Institués par la loi n° 2015-990 du 6 août 2015 pour la croissance, l’activité et l’égalité des chances économiques, les tribunaux de commerce spécialisés (TCS) sont destinés à traiter les dossiers de grande envergure suivant la taille de l’entreprise ou bien de la dimension internationale de la procédure. L’article L. 721-8, 1°, B) du Code de commerce précise ainsi que ces tribunaux sont compétents pour connaître d’une procédure collective lorsque le débiteur est « une entreprise dont le montant net du chiffre d’affaires est d’au moins 40 millions d'euros ». Faute de précision quant aux modalités d’appréciation des règles de compétence des tribunaux spécialisés, la cour d’appel de Lyon fut invitée à se prononcer à ce sujet.
En l’espèce, après avoir bénéficié d’une procédure de mandat ad hoc, une société membre d’un groupe sollicitait du tribunal de commerce de Saint-Étienne l’ouverture d’une procédure de redressement judiciaire le 30 septembre 2019. Le tribunal s’est reconnu compétent mais la déclaration de cessation des paiements et les comptes du dernier exercice clos affichaient un chiffre d’affaires de 40,5 millions d’euros, ce qui justifiait de soulever le défaut de pouvoir juridictionnel du tribunal de commerce de Saint-Étienne, qui ne relève pas de la liste des tribunaux spécialisés.
Dans un premier temps, la cour d’appel jugea recevable l’appel du ministère public, en précisant que la question de la compétence exclusive des tribunaux de commerce spécialisés est en réalité une question de pouvoir juridictionnel du tribunal.

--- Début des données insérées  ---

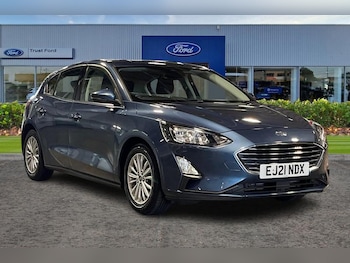 Used Ford Focus 2021 for sale - 79000688: Photo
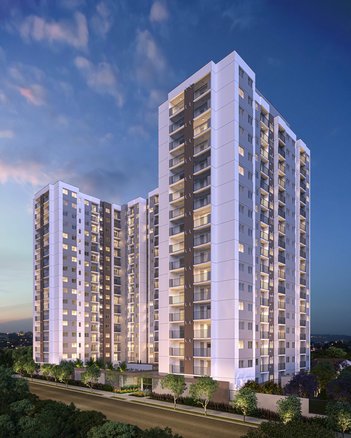 apartment em Avenida das Nações Unidas, Jardim Promissão - São Paulo - SP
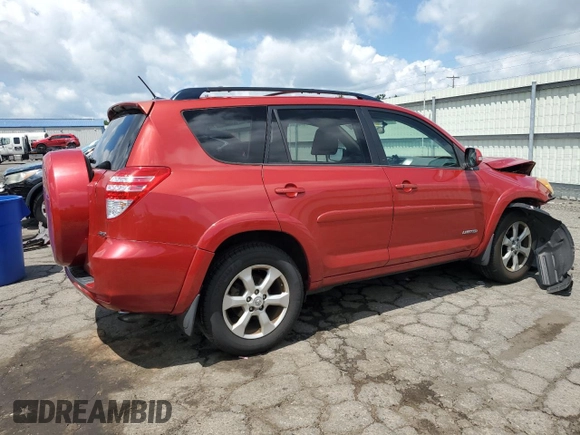 2009 Toyota RAV4 Limited with VIN JTMBF31V49D012807, listed as a Copart auction lot 64864415 with 140,712 mi miles and Salvage title. Bid and sale history available at DreamBid. Image 3.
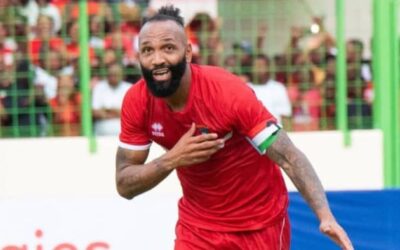 Equatorial Guinea Captain Emilio Nsue Reflects on Draw Against Nigeria and Looks Ahead in AFCON 2023 Campaign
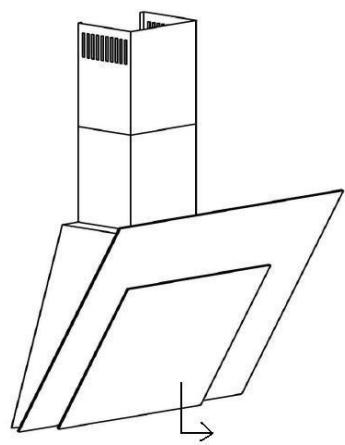 EICO FIRENZE - Montering (indbygget motor) - 2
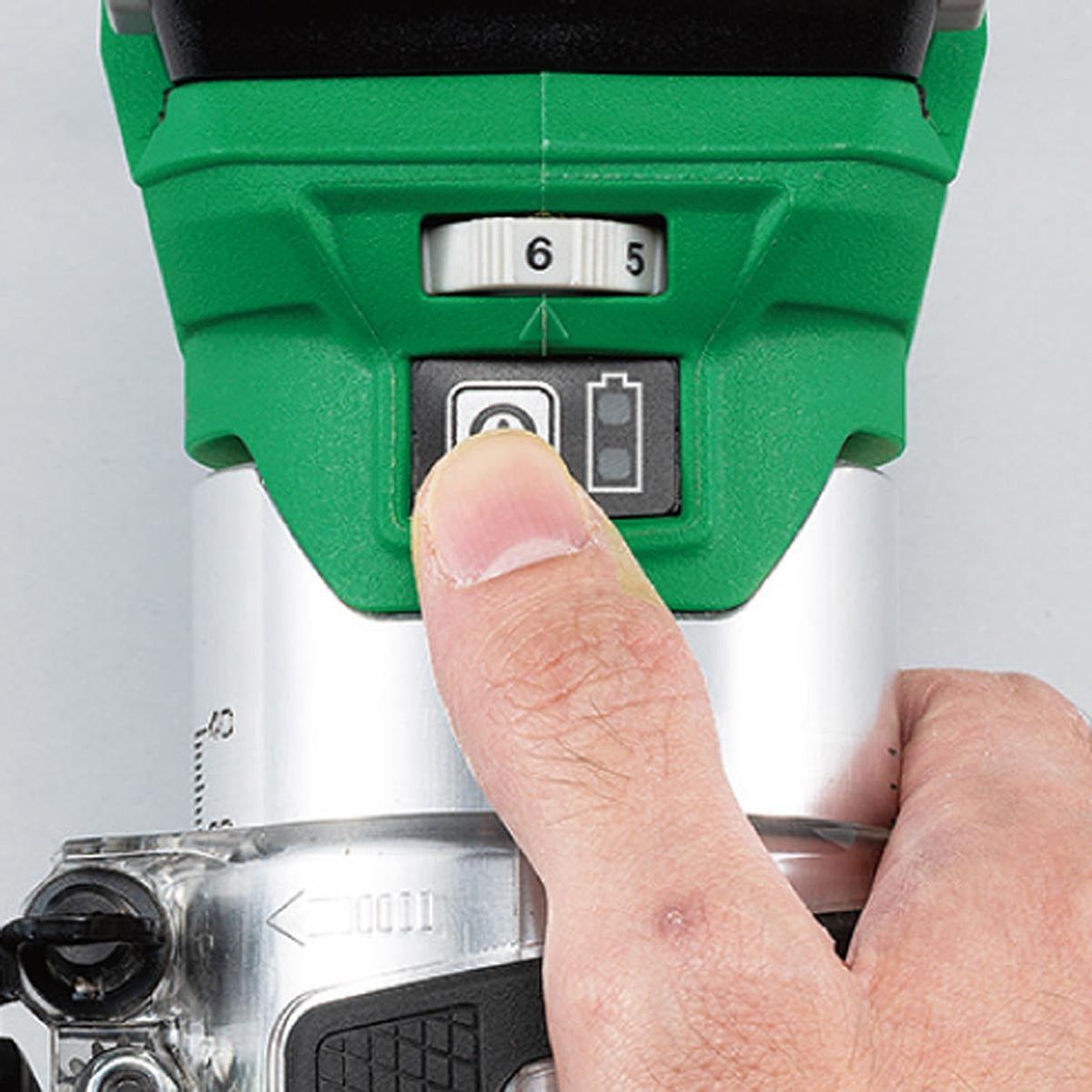 Hikoki M1808DAJPZ 18V Brushless 1/4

Il s’ensuit que le défaut de compétence au titre de l’article L. 721-8 du Code de commerce constitue une fin de non-recevoir pouvant être soulevée en cause d’appel et non une exception de procédure devant être soulevée in limine litis.
Néanmoins, dans le silence des textes, la cour d’appel fit preuve d’innovation en estimant qu’il est possible de vérifier si une évolution significative s’est déroulée depuis la date de clôture du dernier exercice. Il en résulte qu’après avoir apprécié la situation concrète du débiteur au regard notamment de la cession d’une partie de son activité le 30 juin 2018 et de la minoration des prévisions de commandes, le chiffre d’affaires apparaissait inférieur au seuil de l’article L. 721-8, 1°, B) du Code de commerce, justifiant ainsi la compétence du tribunal de commerce stéphanois.
Audacieuse, la position de la cour d’appel s’éloigne de l’esprit du Livre VI qui fixe l’appréciation du chiffre d’affaires au jour de clôture du dernier exercice. C’est notamment le cas de la sauvegarde accélérée (article D. 628-3 du Code de commerce) ou de la liquidation judiciaire simplifiée (article D. 641-10 du Code de commerce). Au surplus, ce critère d’appréciation ne semble pas garantir une indépendance suffisante du juge pour apprécier si une affaire relève ou non de sa compétence.
Une intervention du législateur pour corriger ce flou juridique serait bienvenue afin d’éviter la multiplication de positions divergentes des cours d’appel.